MUSETTO E PURÉ
SAUSAGE & MASHED POTATOES
Musetto is a pork cooking sausage made from pork mince, pork rind and meat from the snout, hence its name (‘nose’). It also contains spices. You can bring it back from Venice vacuum-packed. Alternatively you can use cotechino or zampone, which are more widely available (especially precooked and vacuum-packed). Both of these sausages have a similar taste to musetto, and the same gelatinous texture … that I do so love! Obviously, musetto is a winter dish, and it is also used in bollito misto.
SERVES 6 PREPARATION TIME: 45 MINUTES COOKING TIME: 2 HOURS (35 MINUTES WITH PRECOOKED SAUSAGES)
2 fresh musetto sausages, 600 g (1 lb 5 oz) each, or 2 cotechini or zampone
FOR THE MASHED POTATOES
1 kg (2 lb 4 oz) roasting potatoes
30 g (1 oz) butter
250–300 ml (9 fl oz–101/2 fl oz/1–11/4 cups) hot milk
Freshly grated nutmeg
For precooked vacuum-packed sausages: Boil in water for 15 minutes in the packaging (check the cooking time on the package).
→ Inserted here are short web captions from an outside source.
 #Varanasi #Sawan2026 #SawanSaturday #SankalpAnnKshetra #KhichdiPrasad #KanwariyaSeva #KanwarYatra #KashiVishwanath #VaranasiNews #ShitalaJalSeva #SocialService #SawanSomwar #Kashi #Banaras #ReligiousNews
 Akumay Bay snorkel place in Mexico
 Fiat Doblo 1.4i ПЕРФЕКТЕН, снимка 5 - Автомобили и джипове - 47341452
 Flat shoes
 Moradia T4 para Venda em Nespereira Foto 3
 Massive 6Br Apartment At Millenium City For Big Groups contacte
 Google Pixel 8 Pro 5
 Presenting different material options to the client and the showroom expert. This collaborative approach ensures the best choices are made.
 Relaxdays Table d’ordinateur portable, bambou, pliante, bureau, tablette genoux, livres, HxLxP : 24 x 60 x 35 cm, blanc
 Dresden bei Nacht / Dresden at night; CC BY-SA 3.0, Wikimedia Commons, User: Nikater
For fresh sausages: Prick them in several places with a fork to prevent them from bursting during cooking. Place the sausages in a large saucepan of cold water, bring to the boil and cook on low heat for 2 hours.
To make the mashed potatoes: Peel the potatoes, cut them into quarters and steam them for 20 minutes, or until you can easily insert the point of a knife. Alternatively, halve the potatoes and boil in water. Mash them while they’re still hot using a potato masher or ricer. Add the butter in pieces and the hot milk as needed. Season with salt and nutmeg. Mix well until the mash is smooth.
Serve the hot sausage sliced on the mashed potatoes, or use polenta.
RECOMMENDATION
The key to a good mashed potato is to use floury (roasting) potatoes, mash them while they’re still hot so they have the right texture and serve them immediately!
VARIATION
Mash the potatoes roughly and replace the butter and milk with a good-quality olive oil and salt.